You've probably seen "4 vCPU" on a pricing page and wondered what that actually means. Is it 4 CPU cores? 4 threads? Something else entirely?
The short answer: a vCPU is whatever the hell your cloud provider decides. Sometimes it's a share of CPU time, sometimes it's an actual hardware thread, and sometimes providers offer both - AWS has regular instances with dedicated threads and burstable instances with CPU credits.
This post focuses on the quota-based model, because that's where the confusing behavior lives. Understanding how it works will save you debugging headaches.

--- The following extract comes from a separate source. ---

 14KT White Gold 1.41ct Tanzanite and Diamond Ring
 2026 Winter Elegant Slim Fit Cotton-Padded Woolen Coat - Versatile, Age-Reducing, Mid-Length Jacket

To be fair, I dont actually think vCPUs are a scam usually. But it made you click, and now I get to explain to you some fun stuff about Linux CFS!
If you're a visual learner and want to skip the text, try this out:
The interactive component doesnt work on dev.to, click the image to land on my own blog where it works!
Why vCPUs Exist
Most web applications don't need constant CPU. Your server processes a request in milliseconds, then sits idle waiting for the next one. Even under load, CPU usage typically looks like spikes rather than a flat line.
Giving each customer a dedicated physical core would waste most of that capacity. Instead, providers give you a quota of CPU time: a baseline you can always use, plus a burst allowance for spikes. If your API needs 50ms of CPU three times per second, that's 150ms out of 1000ms - why pay for the other 850ms?
There's another reason: "1 core" is meaningless as a unit. A 2025 AMD EPYC core and a 2012 Xeon have completely different performance. A time-based quota at least gives you a consistent allocation, even if what you can accomplish in that time still depends on the underlying hardware.
To use this model well, you need to understand how it works under the hood.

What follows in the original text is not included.